DecisionKit is a lightweight explainable scoring and ranking engine for Python backends.
Describe criteria, weights, constraints, penalties, and bonuses — in code or config — then get ranked alternatives with scores, human-readable explanations, and audit-ready output.
No machine learning. No database. No web UI. Core has zero runtime dependencies.
Beta (v0.3.1) — useful for real backend workflows; API aims to stay stable across minor releases. See CHANGELOG.md.
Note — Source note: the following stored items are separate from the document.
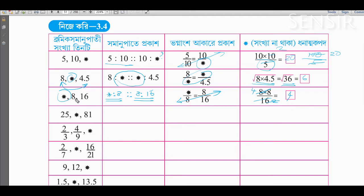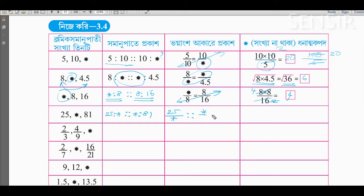Now let's see: 25 is to star, star is to 81. Now let's see: 25 is to star, star divided by 81. This means 25 is to 81.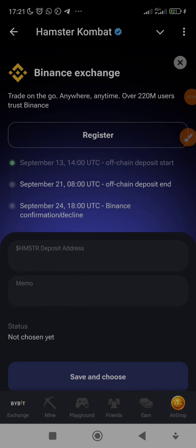To get to this page, once you open your Hamster Kombat app, you click on Airdrop and then it's going to ask if you want to deposit to an exchange or your own chain. Then you click or choose Binance exchange if you're using Binance.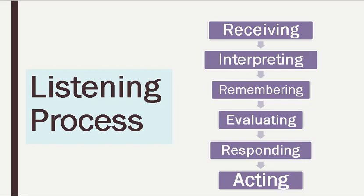Bismillahirrahmanirrahim. Listening process, dear student, is very important. You have learned about oral communication and listening skills and the importance of listening skills. So how will the listening process work practically in your mind and your life? Let's talk about it.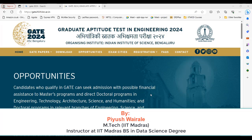Hi everyone, I am Piyo Ishwai Radek. In this video, we are going to discuss about the GATE in data science and artificial intelligence. As you all know, IISc Bangalore is conducting the GATE 2024 and they have introduced a new paper, that is GATE in data science and artificial intelligence.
pip install decisionkitOptional YAML support:
pip install "decisionkit[yaml]"From source:
pip install -e ".[dev]"from decisionkit import DecisionModel, Criterion
model = DecisionModel(
criteria=[
Criterion("relevance", weight=0.5, direction="max"),
Criterion("rating", weight=0.3, direction="max"),
Criterion("workload", weight=0.2, direction="min"),
],
method="weighted_sum",
explain=True,
)
result = model.rank([
{"id": "reviewer_1", "relevance": 0.92, "rating": 4.8, "workload": 7},
{"id": "reviewer_2", "relevance": 0.81, "rating": 4.5, "workload": 2},
])
print(result.best.id)
print(result.explain())from decisionkit import DecisionModel
config = {
"method": "weighted_sum",
"explain": True,
"criteria": [
{"name": "relevance", "weight": 0.5, "direction": "max"},
{"name": "rating", "weight": 0.3, "direction": "max"},
{"name": "workload", "weight": 0.2, "direction": "min"},
],
"constraints": [
{
"name": "available_only",
"field": "available",
"operator": "eq",
"value": True,
"reason": "Reviewer must be available",
}
],
"penalties": [
{
"name": "high_workload_penalty",
"field": "workload",
"operator": "gt",
"value": 5,
"amount": 0.1,
}
],
"bonuses": [
{
"name": "exact_topic_bonus",
"field": "topic_match",
"operator": "gte",
"value": 0.9,
"amount": 0.05,
}
],
}
model = DecisionModel.from_dict(config)
result = model.rank(
[
{
"id": "reviewer_1",
"relevance": 0.92,
"rating": 4.8,
"workload": 7,
"available": True,
"topic_match": 0.95,
},
{
"id": "reviewer_2",
"relevance": 0.81,
"rating": 4.5,
"workload": 2,
"available": True,
"topic_match": 0.8,
},
],
context={"max_workload": 5},
)
print(result.best.id)
print(result.to_audit_dict(include_hash=True)["audit_hash"])JSON and optional YAML helpers:
model = DecisionModel.from_json(model.to_json())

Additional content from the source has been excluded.